Work instruction — Every line of the data below should be repeated exactly, and no picture should be copied.

(Data records)
★ ★ ★ ★ ★ ★ ★

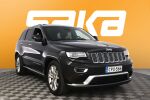 Musta Maastoauto, Jeep Grand Cherokee – CPO-566, kuva 1
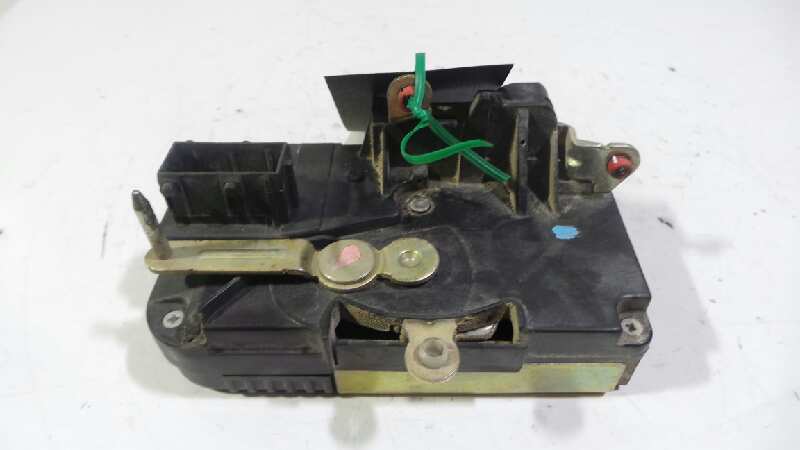 CITROËN Jumpy 1 generation (1994-2006) Front Right Door Lock SINCIERRE 18964029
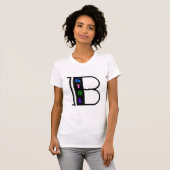 BGirl T-Shirt (Voorkant volledig)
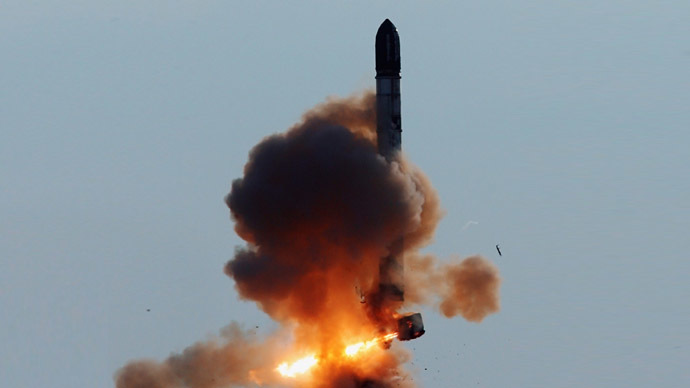 Russian 'ABM killer' intercontinental missile to enter service in 2016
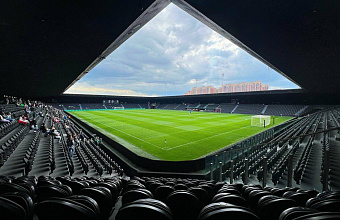 «Динамо» сыграет с «Краснодаром»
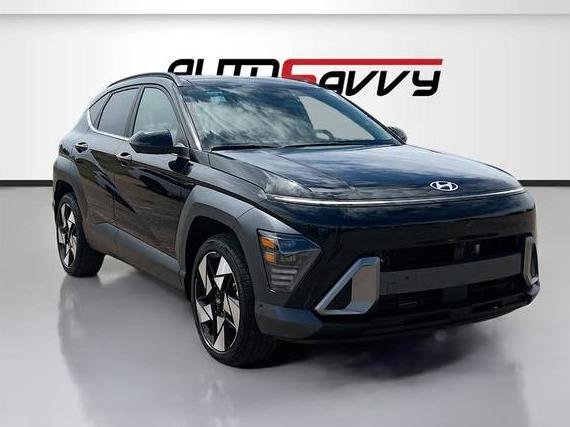 HYUNDAI KONA 2024 KM8HECA36RU172176 image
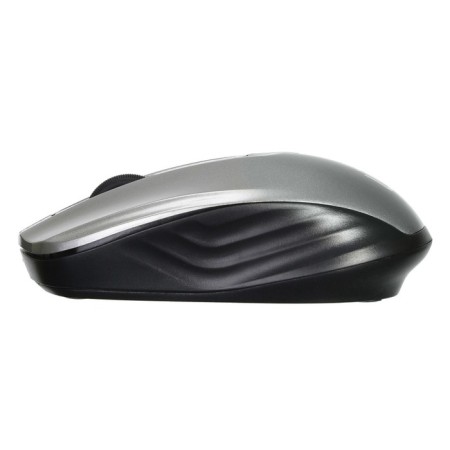 Mouse call 475MW Black/Gray optical (1000dpi) Wireless USB for laptop (3but)-3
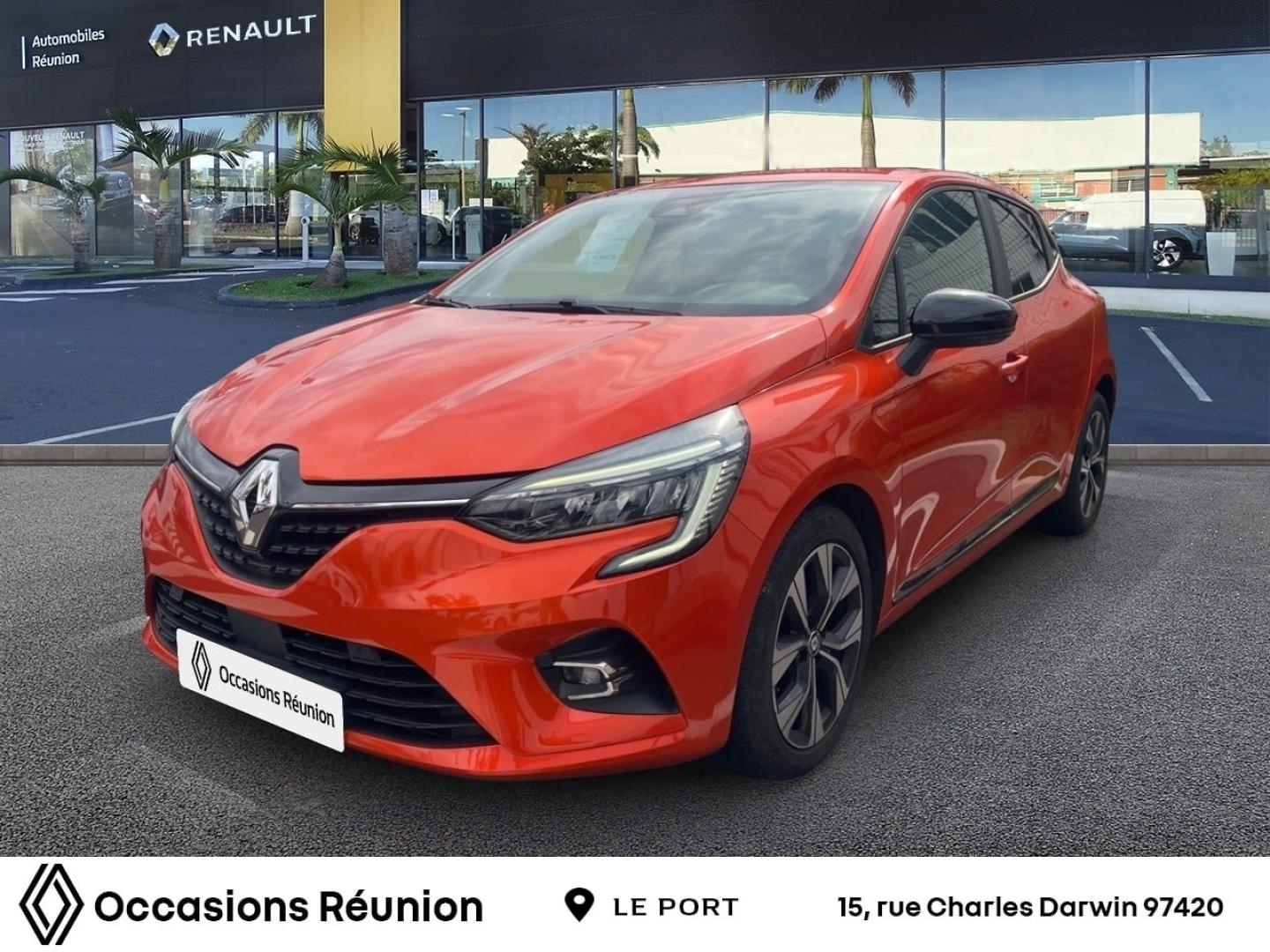 RENAULT Clio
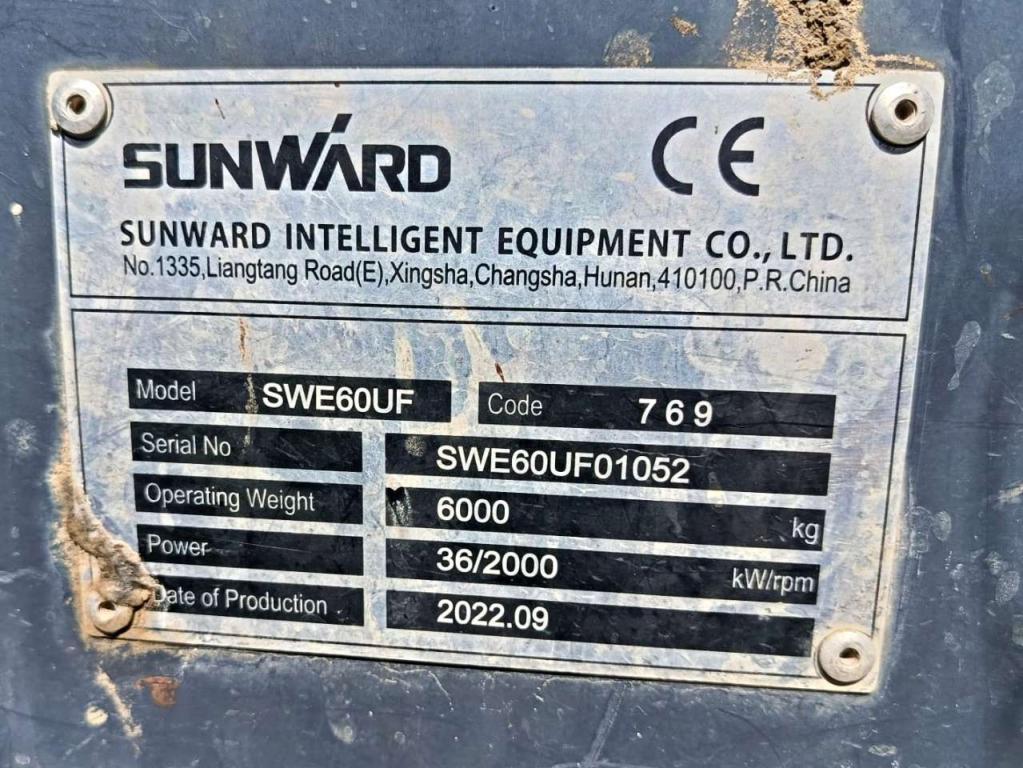 Sunward SWE60UF Foto 13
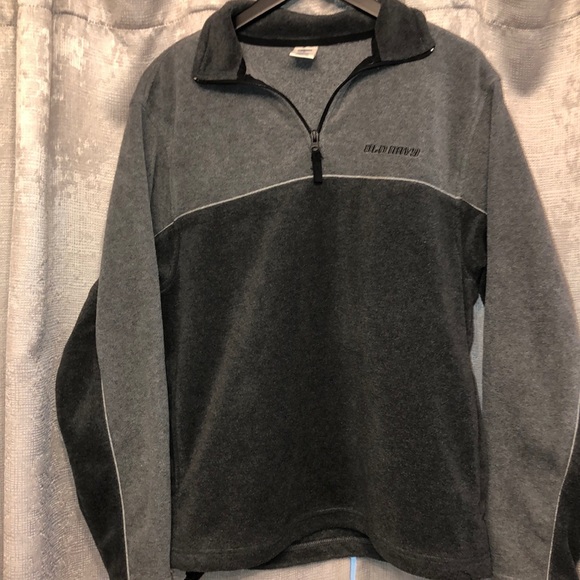 Old Navy Other - Old Navy fleece quarter zip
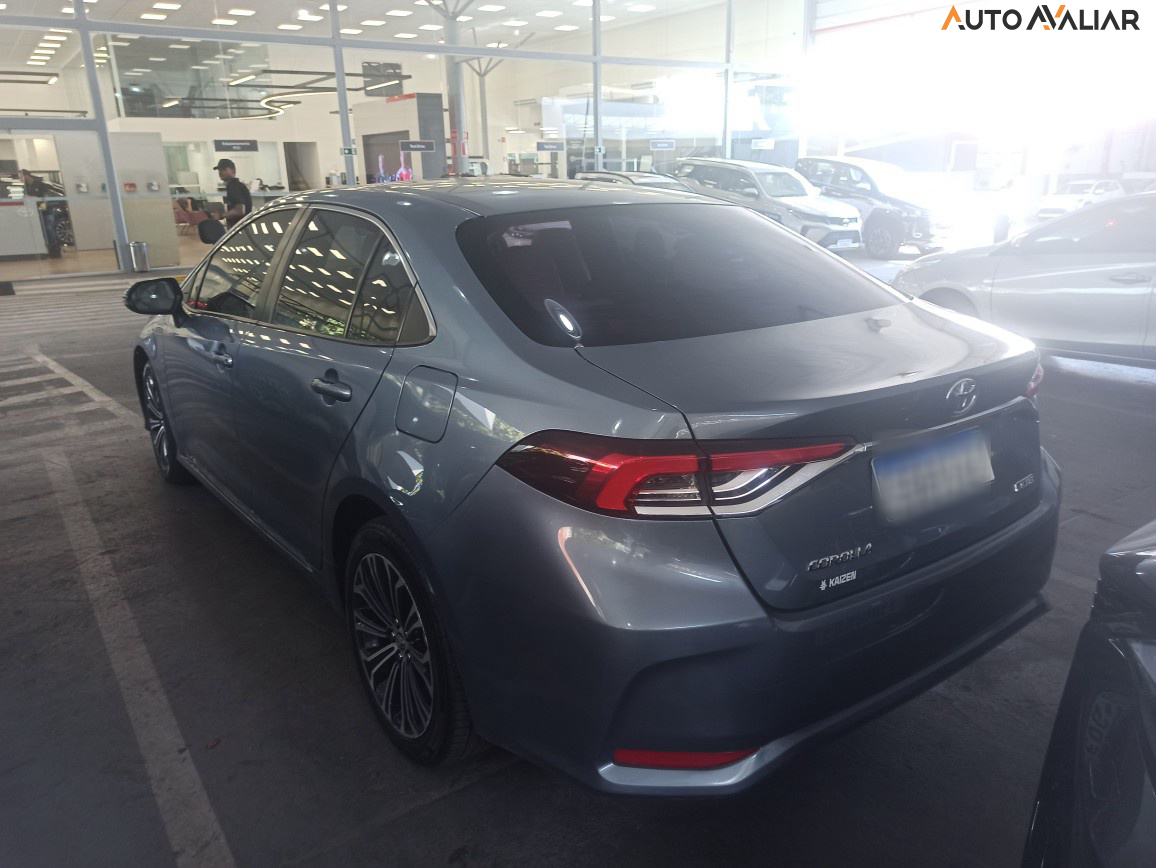 TOYOTA COROLLA 2.0 VVT-IE FLEX ALTIS DIRECT SHIFT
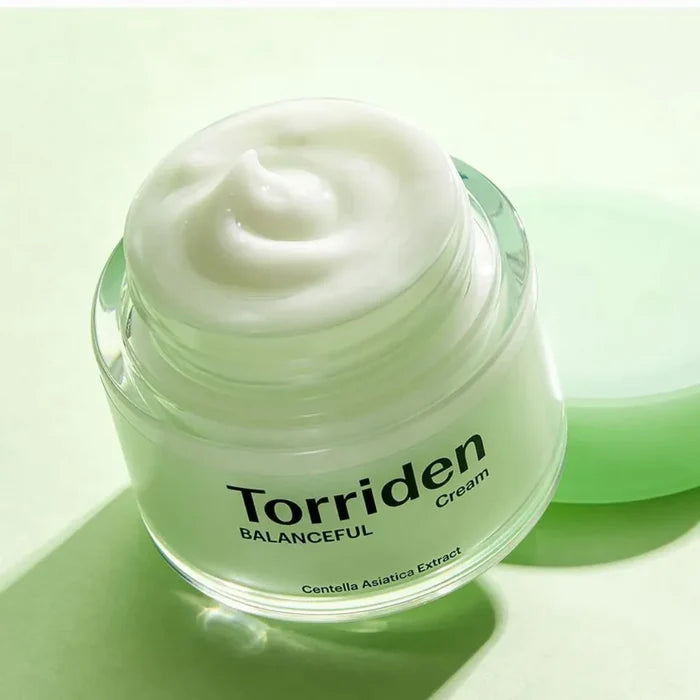 TORRIDEN - Balanceful Cica Cream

★ ★ ★ ★ ★ ★ ★

Solution to this task —
 Musta Maastoauto, Jeep Grand Cherokee – CPO-566, kuva 1
 CITROËN Jumpy 1 generation (1994-2006) Front Right Door Lock SINCIERRE 18964029
 BGirl T-Shirt (Voorkant volledig)
 Russian 'ABM killer' intercontinental missile to enter service in 2016
 «Динамо» сыграет с «Краснодаром»
 HYUNDAI KONA 2024 KM8HECA36RU172176 image
 Mouse call 475MW Black/Gray optical (1000dpi) Wireless USB for laptop (3but)-3
 RENAULT Clio
 Sunward SWE60UF Foto 13
 Old Navy Other - Old Navy fleece quarter zip
 TOYOTA COROLLA 2.0 VVT-IE FLEX ALTIS DIRECT SHIFT
 TORRIDEN - Balanceful Cica Cream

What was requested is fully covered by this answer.